■ **Available data**:

○ ○ ○

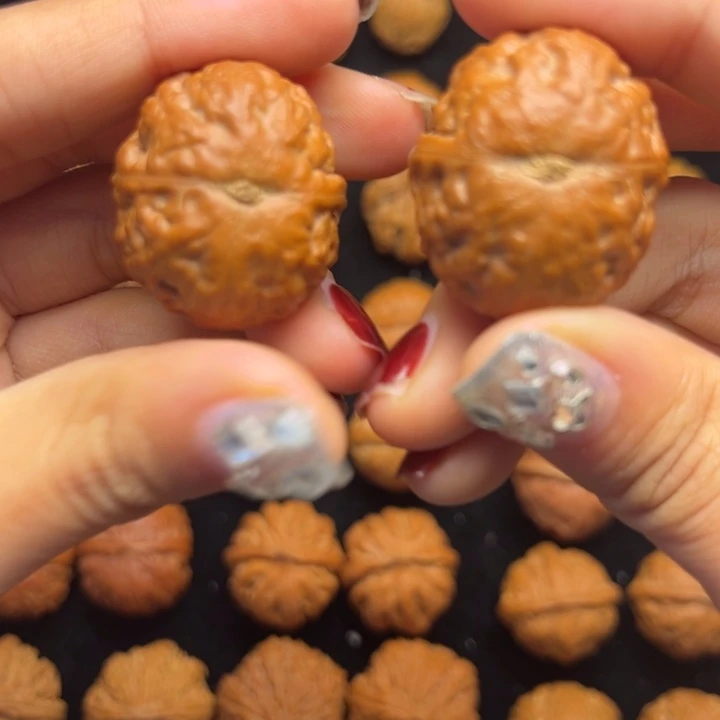 姜***白文玩核桃吊坠核桃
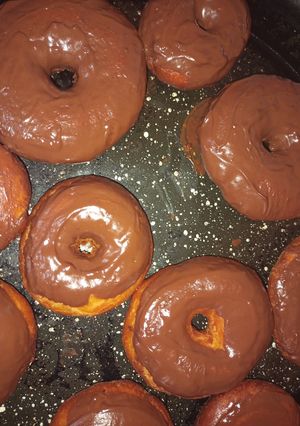 Una foto de Rosquitas esponjosas bañadas en chocolate ❤️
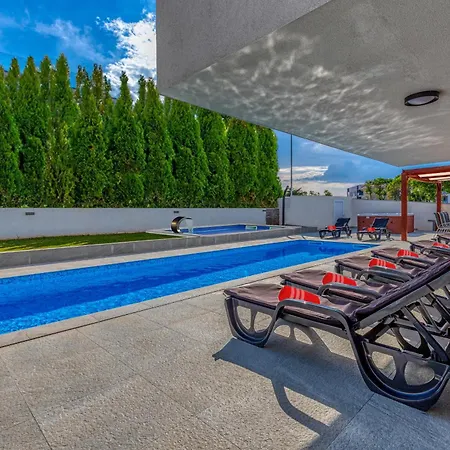 Вилла Am Mit Pool & Kinderpool - Leon's Homes Медулин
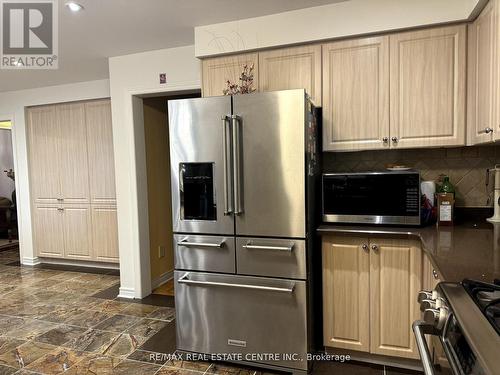 40 Giza Crescent, Brampton, ON - Indoor Photo Showing Kitchen With Stainless Steel Kitchen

○ ○ ○

■ **Work to be completed**: With the images removed, write out all of the material above exactly.

■ **Response for this exercise**:
 姜***白文玩核桃吊坠核桃
 Una foto de Rosquitas esponjosas bañadas en chocolate ❤️
 Вилла Am Mit Pool & Kinderpool - Leon's Homes Медулин
 40 Giza Crescent, Brampton, ON - Indoor Photo Showing Kitchen With Stainless Steel Kitchen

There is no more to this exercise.